A^{T}A\boldsymbol{x} = A^{T}\boldsymbol{b}
This time, the right side is 0, so
A^{T}A\boldsymbol{x} = 0
It will be. It corresponds to this.
Now, In the least squares method
J = \frac{1}{2} \sum_{i=1}^{m}(\sum_{j=1}^{n} a_{ij}x_{j}-b_i)^2 \rightarrow min
Before setting partial derivative = 0 to find the minimum value of
J = \frac{1}{2}( x^{T}A^{T}Ax-x^{T}A^{T}b-b^{T}Ax+b^{T}b )\\
It was. This time, it is $ \ boldsymbol {b = 0} $, so
J = \frac{1}{2} x^{T}A^{T}Ax
It will be. Here, the matrix $ A ^ TA $ is known to be a semi-regular definite matrix (symmetric matrix with eigenvalues of 0 or positive), and at this time, it is in the quadratic form $ \ boldsymbol {x} ^. There is a theorem that $ \ boldsymbol {x} $, which minimizes TA ^ TA \ boldsymbol {x} $, is the eigenvector corresponding to the minimum eigenvalue of the matrix $ A ^ TA $. (→ Linear algebra) This time, $ \ boldsymbol {h} $ corresponds to $ \ boldsymbol {x} $.

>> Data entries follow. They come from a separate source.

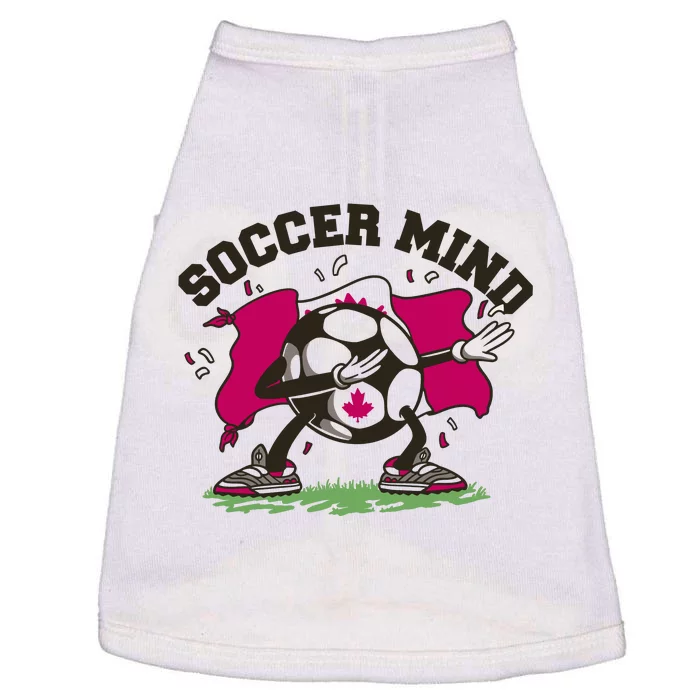 Soccer Mind Canadian Flag Sport Doggie Tank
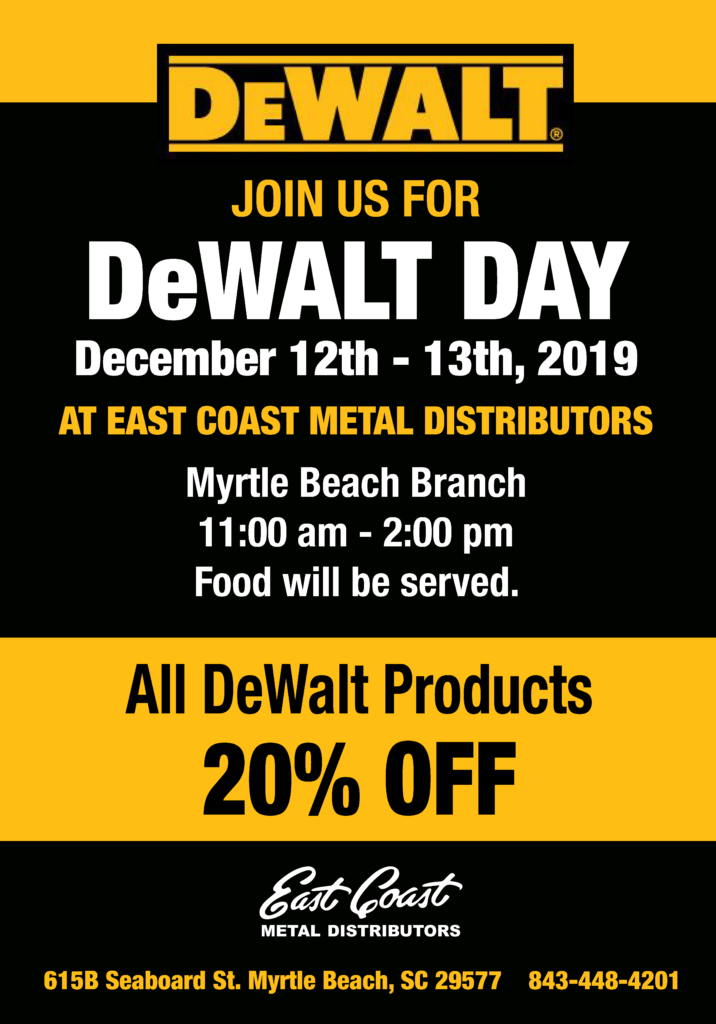 DeWalt Days Myrtle Beach East Coast Metal Distributors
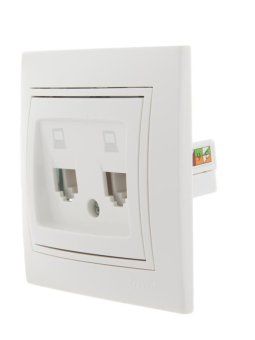 розетка компьютерная 2-м сп mira rj45 бел./бел. lezard 701-0202-141 от магазина Штепсель и батарейка. - фото_3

The eigenvectors corresponding to the minimum eigenvalues of the matrix $ A ^ TA $ can be obtained by singular value decomposition (SVD). The singular value decomposition of $ A $
A = U\Sigma V^T \\
\Sigma =
\left[
\begin{array}{ccc}
\sigma_1 & & \\
& \sigma_2 & \\
& \cdots & \\
& \ & \sigma_r \\
\end{array}
\right]
is. $ U $ is the eigenvectors of $ AA ^ T $ arranged in descending order of positive eigenvalues, and $ V $ is the eigenvectors of $ A ^ TA $ arranged in descending order of positive eigenvalues. $ \ sigma_1, \ sigma_2, \ cdots, \ sigma_r $ are called singular values and are the square roots (> = 0) of the eigenvalues of $ A ^ TA $. What we want here is the eigenvector corresponding to the least eigenvalue of $ A ^ TA $, which is the least squares solution, so the last row of $ V $ corresponds to it. The singular value may be zero. This means that $ A $ is not full rank, but even then the last row of $ V $, the eigenvector corresponding to the singular value of zero, is the least squares solution. In other words, if the minimum eigenvalue is $ \ lambda_ {min} $,
A^TA\boldsymbol{h}=\lambda_{min} \boldsymbol{h}
The solution that satisfies is the desired $ \ boldsymbol {h} $. Divide the whole so that $ h_ {9} $ is finally 1.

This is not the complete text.